Email: ashwinp@cs.stanford.edu

           

I joined Samaya AI, an early-stage startup, to build the next generation AI-powered knowledge-discovery platform. We leverage recent developments in LLMs (Large Language Models) to help domain experts answer complex questions over large sets of knowledge-intensive documents. I apply cutting-edge methods (including some of my prior work) to support such use cases and develop new ML techniques when existing methods are not good enough. I also enjoy applying learnings from Stanford's startup classes as I get to interview users and design solutions to address their pain points. We're a fun team of smart and kind people and we are always looking for amazing people (like you). Send me an email if you're interested.

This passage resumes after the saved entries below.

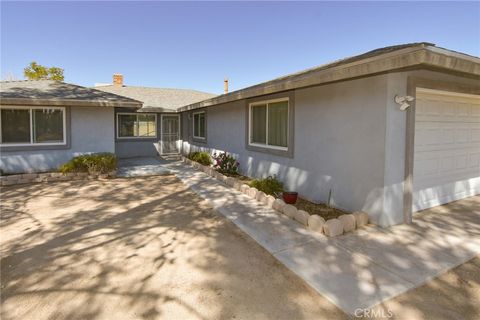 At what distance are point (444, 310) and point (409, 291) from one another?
12.3 inches

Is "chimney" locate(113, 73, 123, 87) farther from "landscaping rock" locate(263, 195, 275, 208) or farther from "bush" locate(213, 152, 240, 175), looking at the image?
"landscaping rock" locate(263, 195, 275, 208)

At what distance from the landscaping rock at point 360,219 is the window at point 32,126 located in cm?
949

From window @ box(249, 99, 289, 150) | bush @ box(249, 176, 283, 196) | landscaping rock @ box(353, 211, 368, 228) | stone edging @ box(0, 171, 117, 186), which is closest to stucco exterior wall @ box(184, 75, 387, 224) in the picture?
landscaping rock @ box(353, 211, 368, 228)

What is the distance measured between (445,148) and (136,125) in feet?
45.6

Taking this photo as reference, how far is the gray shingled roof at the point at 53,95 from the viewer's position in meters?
8.11

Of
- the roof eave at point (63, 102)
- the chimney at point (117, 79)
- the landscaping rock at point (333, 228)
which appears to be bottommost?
the landscaping rock at point (333, 228)

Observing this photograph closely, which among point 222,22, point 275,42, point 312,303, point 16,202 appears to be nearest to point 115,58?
point 222,22

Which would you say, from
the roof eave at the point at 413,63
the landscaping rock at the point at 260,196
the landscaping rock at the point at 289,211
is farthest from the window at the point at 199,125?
the roof eave at the point at 413,63

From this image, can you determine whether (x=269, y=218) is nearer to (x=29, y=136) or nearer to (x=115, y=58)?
(x=29, y=136)

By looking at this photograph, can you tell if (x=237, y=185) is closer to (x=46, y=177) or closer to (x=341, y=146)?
(x=341, y=146)

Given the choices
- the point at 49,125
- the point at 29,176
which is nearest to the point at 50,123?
the point at 49,125

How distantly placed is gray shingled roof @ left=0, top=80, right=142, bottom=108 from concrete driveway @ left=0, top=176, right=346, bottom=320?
13.6 feet

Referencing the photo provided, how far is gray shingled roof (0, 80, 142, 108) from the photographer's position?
8.11m

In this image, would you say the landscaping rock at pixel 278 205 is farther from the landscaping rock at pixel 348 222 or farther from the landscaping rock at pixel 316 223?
the landscaping rock at pixel 348 222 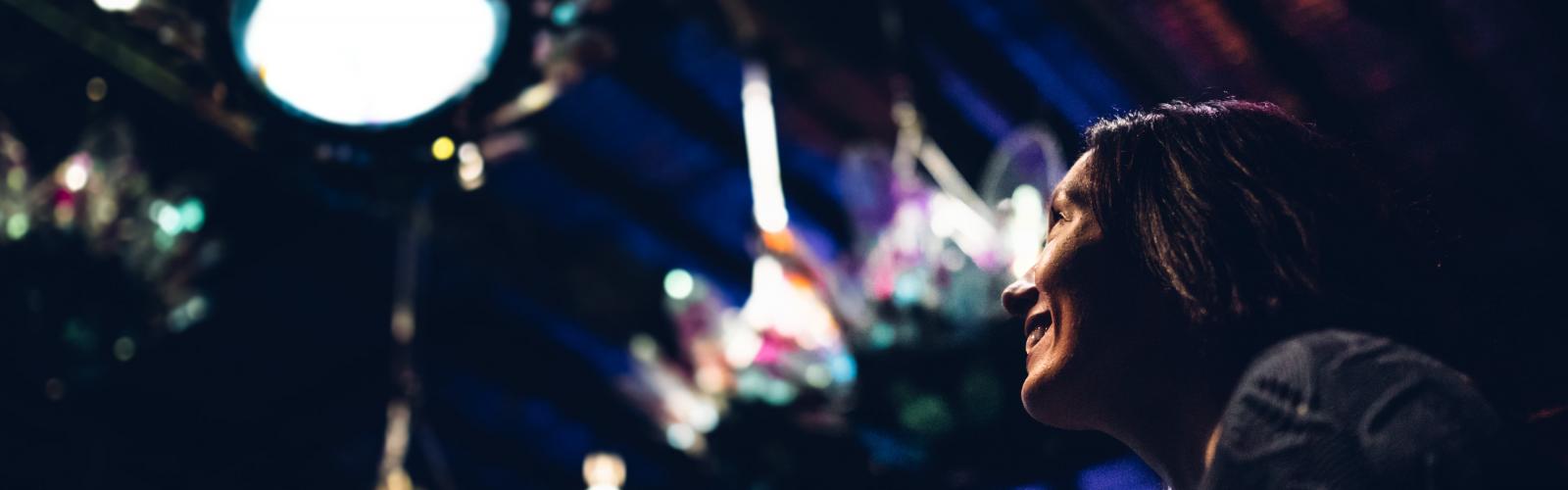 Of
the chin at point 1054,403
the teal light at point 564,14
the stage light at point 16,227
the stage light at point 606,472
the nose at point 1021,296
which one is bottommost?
the chin at point 1054,403

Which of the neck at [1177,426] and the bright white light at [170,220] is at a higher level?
the bright white light at [170,220]

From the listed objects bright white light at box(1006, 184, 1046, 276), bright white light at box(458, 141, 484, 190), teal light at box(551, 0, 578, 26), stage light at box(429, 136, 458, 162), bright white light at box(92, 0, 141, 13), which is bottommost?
bright white light at box(1006, 184, 1046, 276)

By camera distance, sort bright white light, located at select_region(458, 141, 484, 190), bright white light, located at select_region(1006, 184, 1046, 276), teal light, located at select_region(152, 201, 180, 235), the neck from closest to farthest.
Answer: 1. the neck
2. bright white light, located at select_region(458, 141, 484, 190)
3. bright white light, located at select_region(1006, 184, 1046, 276)
4. teal light, located at select_region(152, 201, 180, 235)

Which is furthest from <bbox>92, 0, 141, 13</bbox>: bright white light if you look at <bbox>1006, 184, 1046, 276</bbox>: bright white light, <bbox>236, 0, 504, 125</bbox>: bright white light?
<bbox>1006, 184, 1046, 276</bbox>: bright white light

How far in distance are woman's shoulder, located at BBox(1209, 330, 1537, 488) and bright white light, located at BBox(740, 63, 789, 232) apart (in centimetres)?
311

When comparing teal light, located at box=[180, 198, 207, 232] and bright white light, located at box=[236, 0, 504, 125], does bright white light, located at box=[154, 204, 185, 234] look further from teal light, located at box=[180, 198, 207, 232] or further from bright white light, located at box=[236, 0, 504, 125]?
bright white light, located at box=[236, 0, 504, 125]

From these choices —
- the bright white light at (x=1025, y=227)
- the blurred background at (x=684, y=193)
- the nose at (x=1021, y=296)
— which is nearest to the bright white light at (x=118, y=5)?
the blurred background at (x=684, y=193)

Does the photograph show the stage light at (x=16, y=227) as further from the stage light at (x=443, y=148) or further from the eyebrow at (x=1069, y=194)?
the eyebrow at (x=1069, y=194)

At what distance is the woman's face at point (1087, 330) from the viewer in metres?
1.07

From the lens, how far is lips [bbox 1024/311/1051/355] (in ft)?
3.91

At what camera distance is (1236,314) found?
0.98m

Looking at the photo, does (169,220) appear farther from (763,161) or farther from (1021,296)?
(1021,296)

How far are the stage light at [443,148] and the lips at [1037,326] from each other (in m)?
1.70

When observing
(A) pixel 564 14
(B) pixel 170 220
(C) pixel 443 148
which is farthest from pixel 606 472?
(A) pixel 564 14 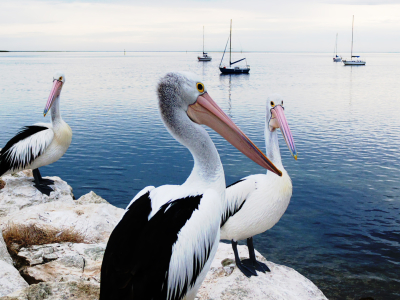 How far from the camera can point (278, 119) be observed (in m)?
4.53

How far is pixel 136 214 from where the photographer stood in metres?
2.53

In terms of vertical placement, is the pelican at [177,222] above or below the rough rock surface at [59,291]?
above

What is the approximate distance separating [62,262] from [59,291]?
0.95 metres

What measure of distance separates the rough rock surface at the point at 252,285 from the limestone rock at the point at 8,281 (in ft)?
5.36

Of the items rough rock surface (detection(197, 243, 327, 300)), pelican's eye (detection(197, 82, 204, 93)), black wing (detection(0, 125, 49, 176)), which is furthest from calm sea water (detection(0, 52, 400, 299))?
black wing (detection(0, 125, 49, 176))

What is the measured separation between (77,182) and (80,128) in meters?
6.90

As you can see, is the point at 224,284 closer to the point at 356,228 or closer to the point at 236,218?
the point at 236,218

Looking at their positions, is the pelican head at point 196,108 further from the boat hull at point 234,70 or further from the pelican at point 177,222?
the boat hull at point 234,70

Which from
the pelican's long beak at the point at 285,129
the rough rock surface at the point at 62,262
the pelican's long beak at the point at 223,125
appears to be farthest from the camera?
the pelican's long beak at the point at 285,129

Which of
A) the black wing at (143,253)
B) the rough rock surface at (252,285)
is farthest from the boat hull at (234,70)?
the black wing at (143,253)

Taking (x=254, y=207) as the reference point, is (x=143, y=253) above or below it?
above

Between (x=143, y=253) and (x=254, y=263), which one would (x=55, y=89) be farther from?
(x=143, y=253)

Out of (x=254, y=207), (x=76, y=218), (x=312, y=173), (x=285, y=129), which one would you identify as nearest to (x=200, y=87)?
(x=254, y=207)

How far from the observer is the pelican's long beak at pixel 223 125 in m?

Prior to Samaya, I graduated from Stanford University with a PhD in CS. I was advised by Prof. Christopher Manning in the NLP group. My research focus was broadly in open-domain dialogue systems and using retrieval to generate language. More specifically I created informative dialogue systems based on an understanding how humans talk informatively by training neural retrievers to find passages containing world knowledge and then paraphrasing it into conversational utterances. I also like to think about speech interfaces of the future, where humans and virtual agents take turns more naturally: with backchannels, interjections and clarification questions.

In 2020, I co-led Stanford's team in the Alexa Prize Socialbot competition. It was great fun leading a team of 10 people with weekly sprints, 1-1s, research discussions and a reading group. That was our first year participating and our bot Chirpy Cardinal that we built from the ground up, placed 2nda b c out of 10 teams! All of our code is open-sourced and here's a live demo. All the real-life issues that couldn't be fixed with existing methods became my research agenda. I was a research mentor for the next iteration and our team went on to publish 5 peer-reviewed conference papers and 2 technical articles (find them here).

Before the PhD, I got master's degree in CS(AI) at Stanford broadening my understanding with a variety of courses and conducting research with Prof. Jure Leskovec, Robert West and Austin Benson. For my bachelor's degree, I was at Indian Institute of Technology Bombay and majored in Computer Science and Engineering with a minor degree in Electrical Engineering.

Updates


    Presented at ICLR 2022
    28 Apr 2022

    2nd place in Alexa Prize Socialbot Competition (2021)
    15 Jul 2021

    Our team Chirpy Cardinal stood 2nd place in Alexa Prize 2021. Check out our technical paper and get it touch if you want to know more!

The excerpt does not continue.